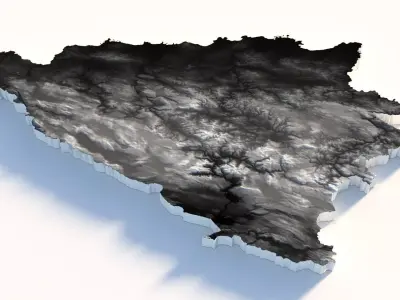 Bosnia and Herzegovina Country Terrain 3D model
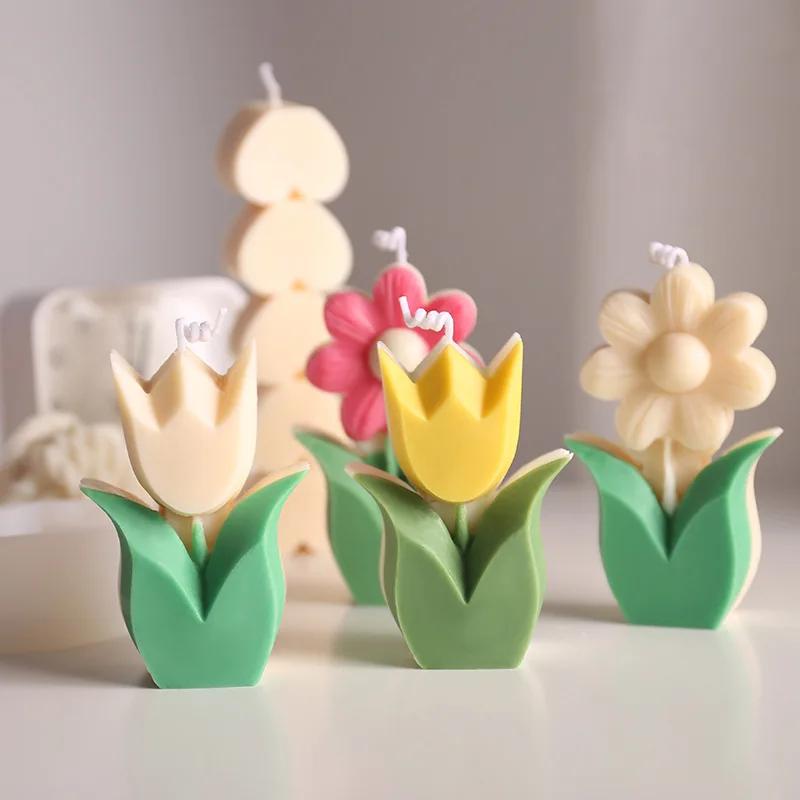 Different Shapes 3D Flower Silicone Candle Mold DIY Sunflower Candle Making Kit Handmade Soap Plaster Cake Baking Supplies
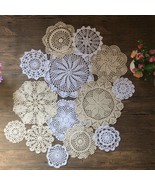 MINDPLUS Set of 14 Hand Crochet Doilies Cotton Crocheted Lace Doilies 4 10  - $57.89 CAD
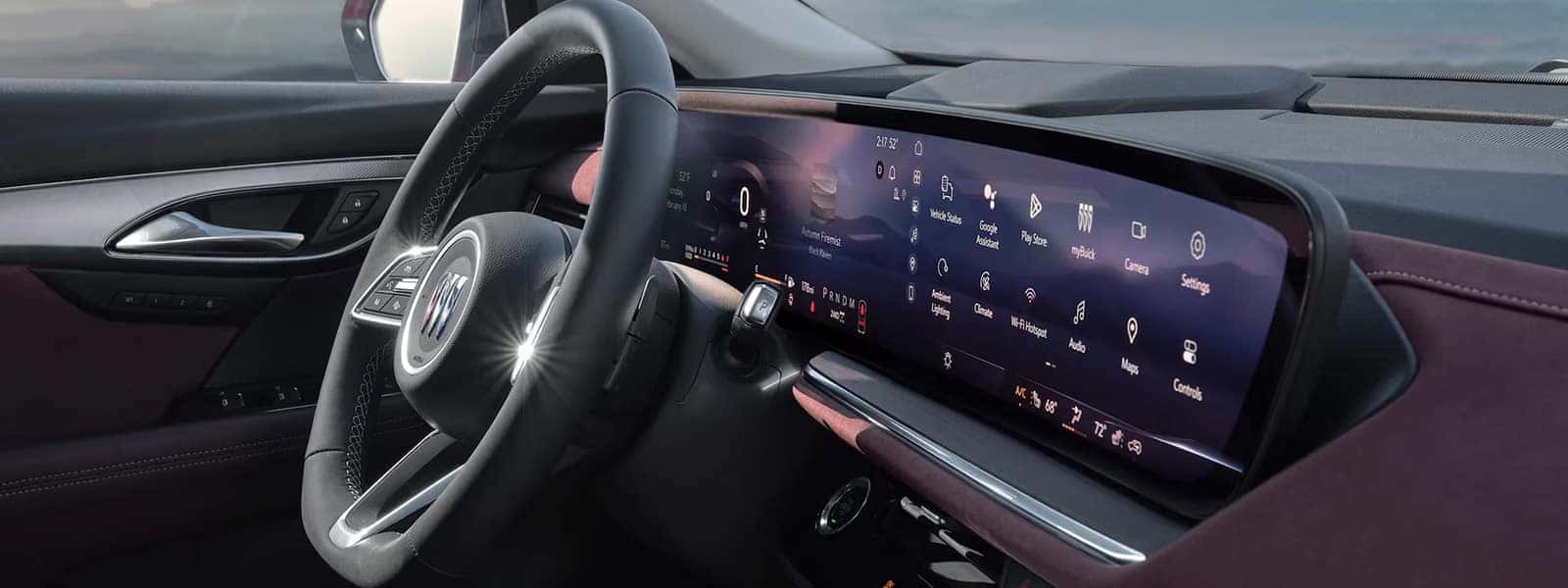 2026 Buick Envision interior with steering wheel and ultrawide 30-inch diagonal digital display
══════════
:: EXERCISE BRIEF ::
The answer is to be the lines from the line that contains "Different Shapes 3D" through the last line of the material, retyped exactly, both included, with pictures left out, please.

:: SOLUTION BELOW ::
 Different Shapes 3D Flower Silicone Candle Mold DIY Sunflower Candle Making Kit Handmade Soap Plaster Cake Baking Supplies
 MINDPLUS Set of 14 Hand Crochet Doilies Cotton Crocheted Lace Doilies 4 10  - $57.89 CAD
 2026 Buick Envision interior with steering wheel and ultrawide 30-inch diagonal digital display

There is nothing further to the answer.